=== INFORMATION PROVIDED ===
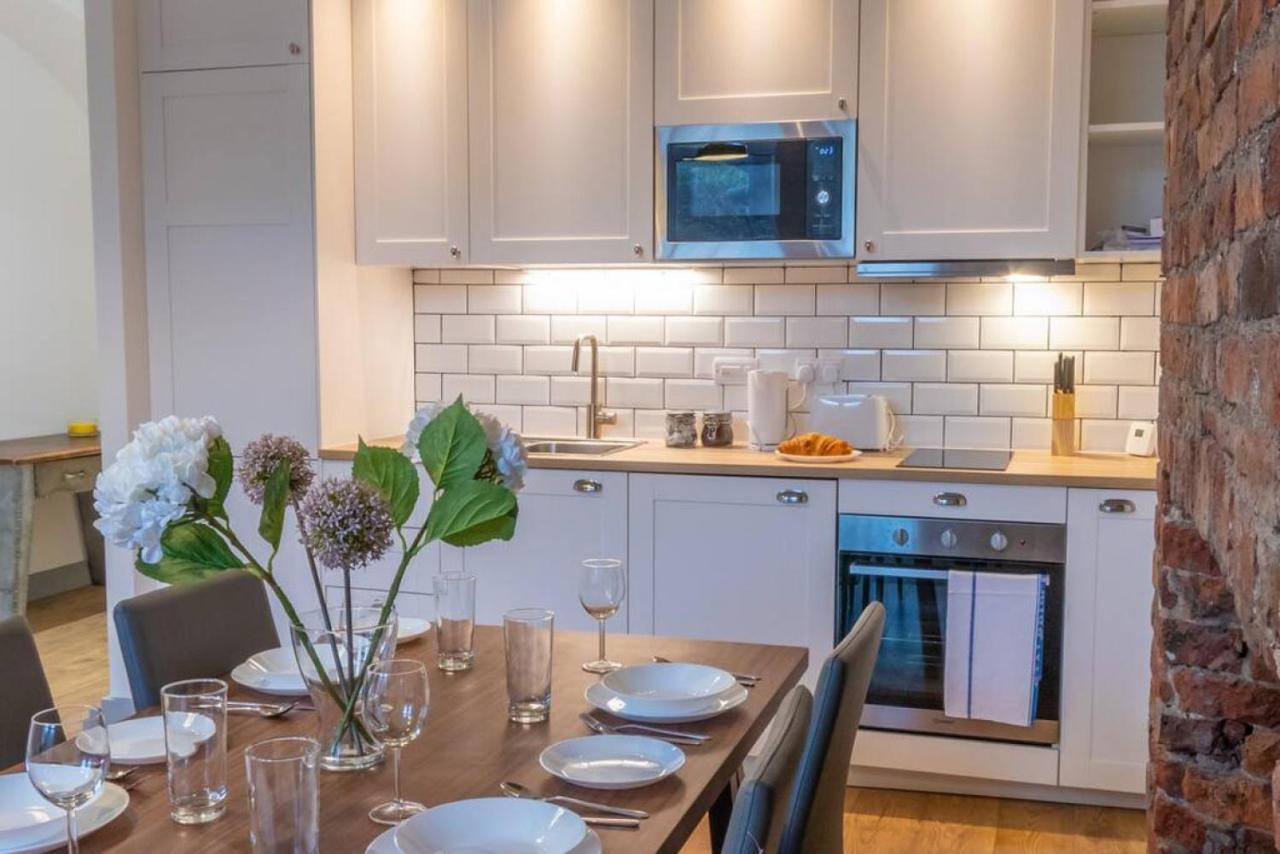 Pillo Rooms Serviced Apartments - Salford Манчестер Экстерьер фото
===
=== INFORMATION PROVIDED ===
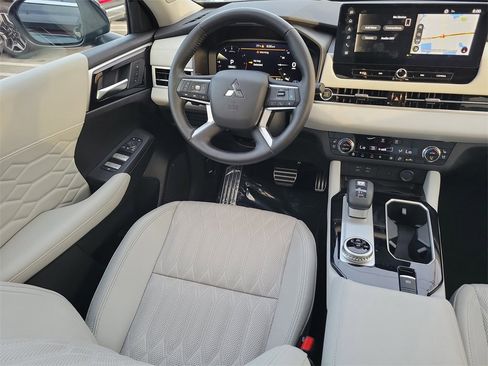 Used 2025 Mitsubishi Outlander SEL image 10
===
=== INFORMATION PROVIDED ===
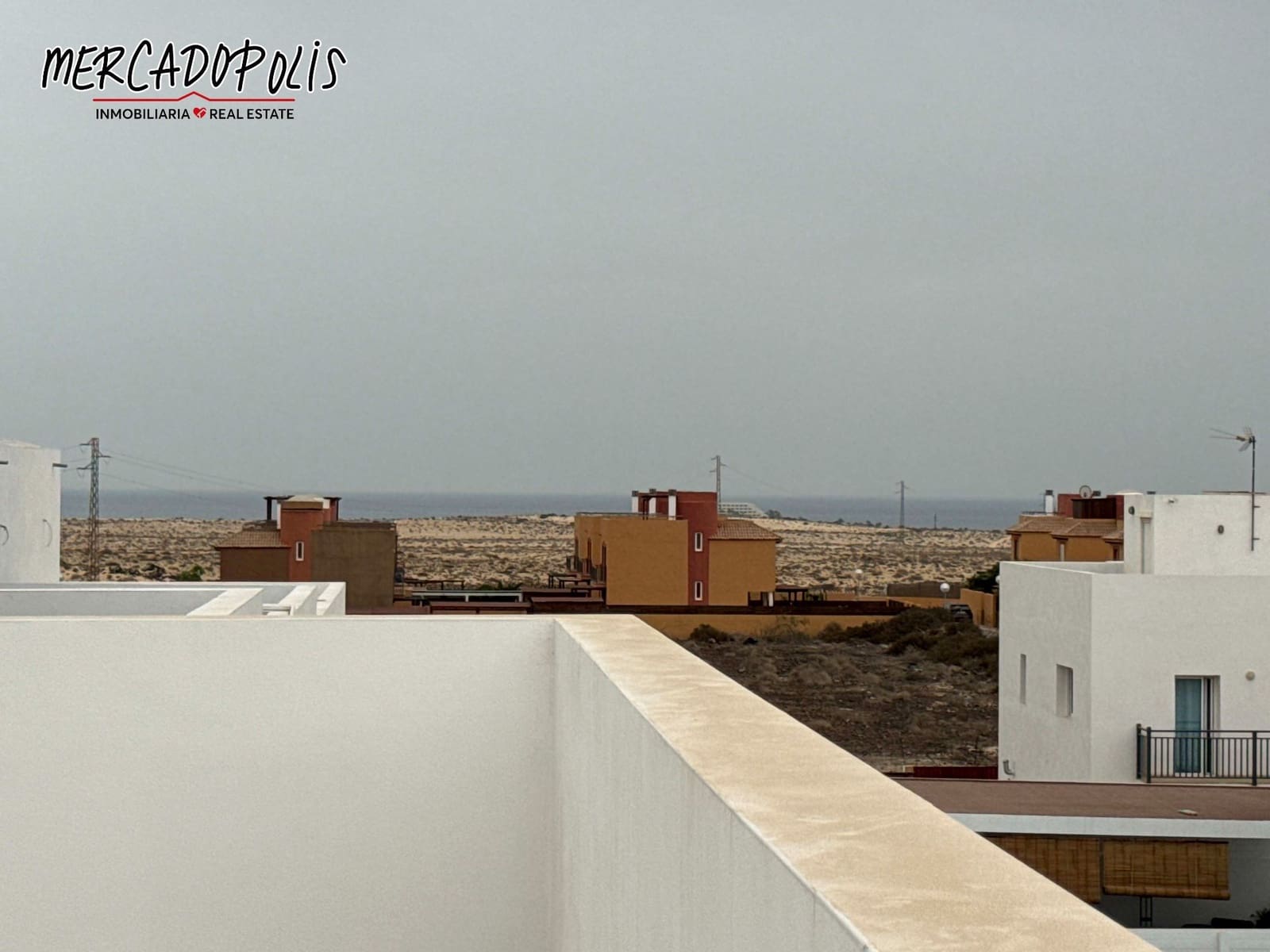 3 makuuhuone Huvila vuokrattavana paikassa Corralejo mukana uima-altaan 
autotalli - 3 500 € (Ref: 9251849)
===
Your answer must be the lines above from the one holding "3 makuuhuone Huvila" up to and including the one holding "autotalli - 3 500 € (Ref: 9251849)", exact and with no pictures.

- [RESULT FOR THIS EXERCISE]
 3 makuuhuone Huvila vuokrattavana paikassa Corralejo mukana uima-altaan 
autotalli - 3 500 € (Ref: 9251849)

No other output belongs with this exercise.